(Data for this exercise Opens)

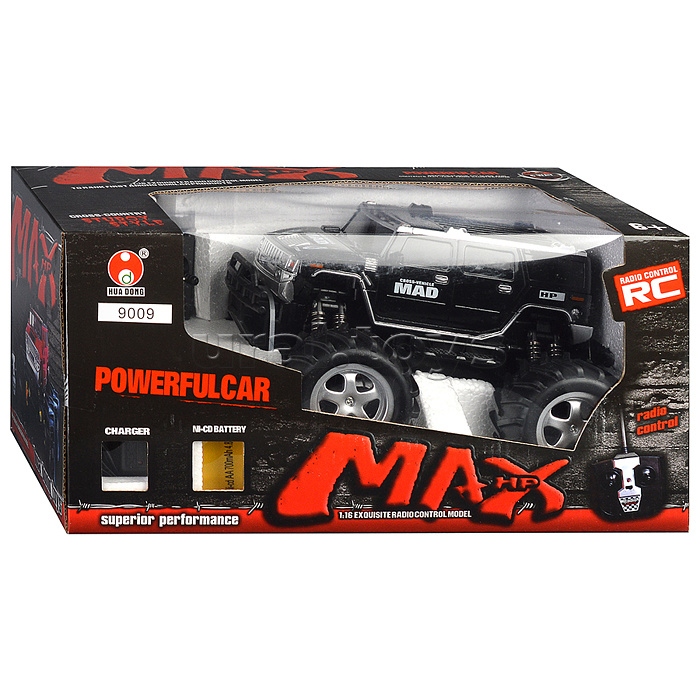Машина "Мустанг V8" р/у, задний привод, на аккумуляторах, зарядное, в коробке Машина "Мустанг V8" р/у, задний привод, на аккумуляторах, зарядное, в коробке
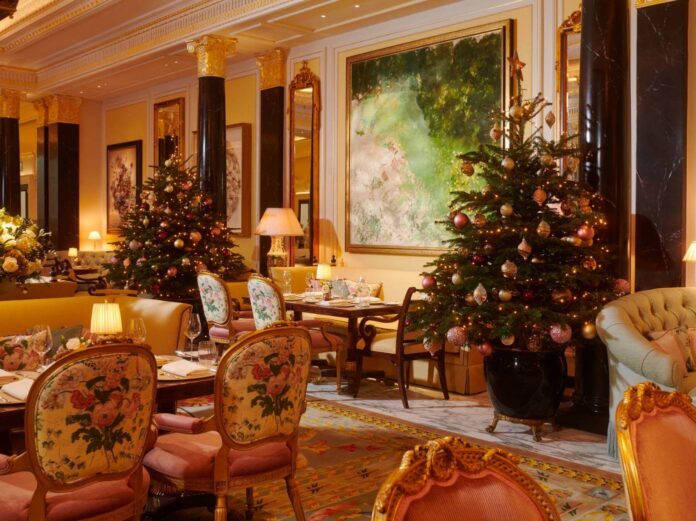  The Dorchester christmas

(Data for this exercise Closes)
(Data for this exercise Opens)

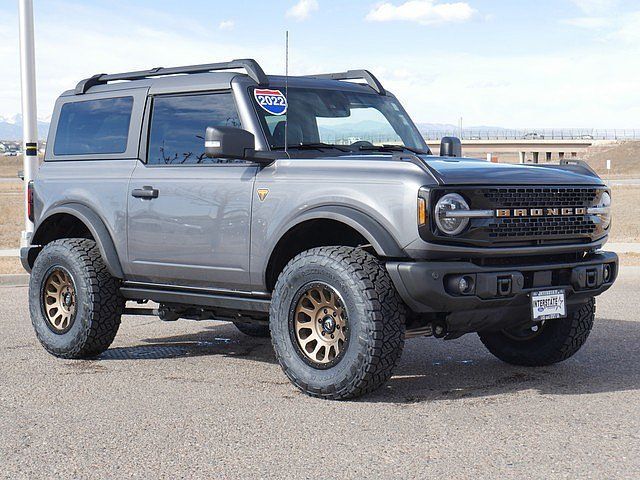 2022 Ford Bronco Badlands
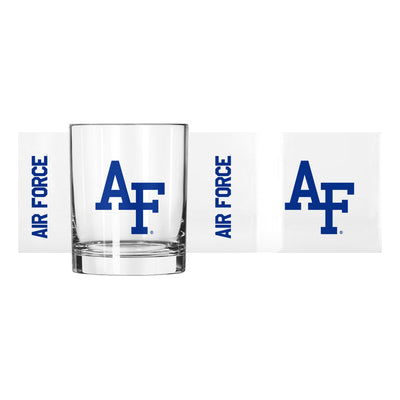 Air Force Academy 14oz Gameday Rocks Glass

(Data for this exercise Closes)
(Data for this exercise Opens)

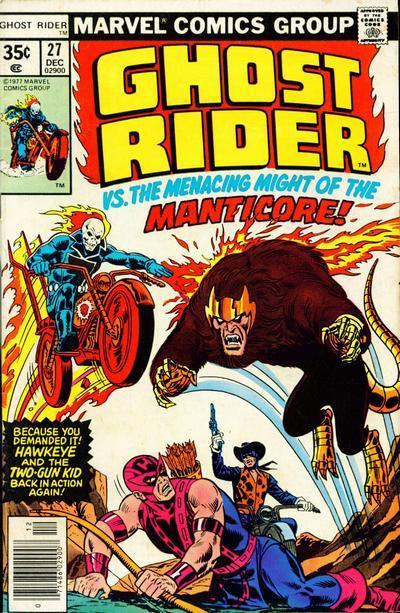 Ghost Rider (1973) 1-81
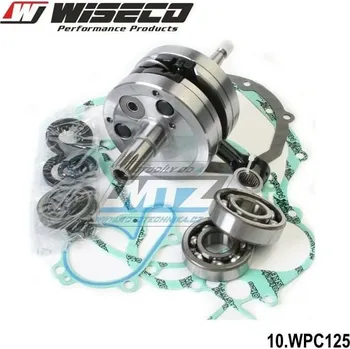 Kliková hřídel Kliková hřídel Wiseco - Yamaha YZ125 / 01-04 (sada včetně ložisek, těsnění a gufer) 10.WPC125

(Data for this exercise Closes)

Among the entries above, copy exactly the stretch from the line holding "в коробке Машина" through the line holding "The Dorchester christmas", leaving out any pictures.

§ **Exercise output**
Машина "Мустанг V8" р/у, задний привод, на аккумуляторах, зарядное, в коробке Машина "Мустанг V8" р/у, задний привод, на аккумуляторах, зарядное, в коробке
  The Dorchester christmas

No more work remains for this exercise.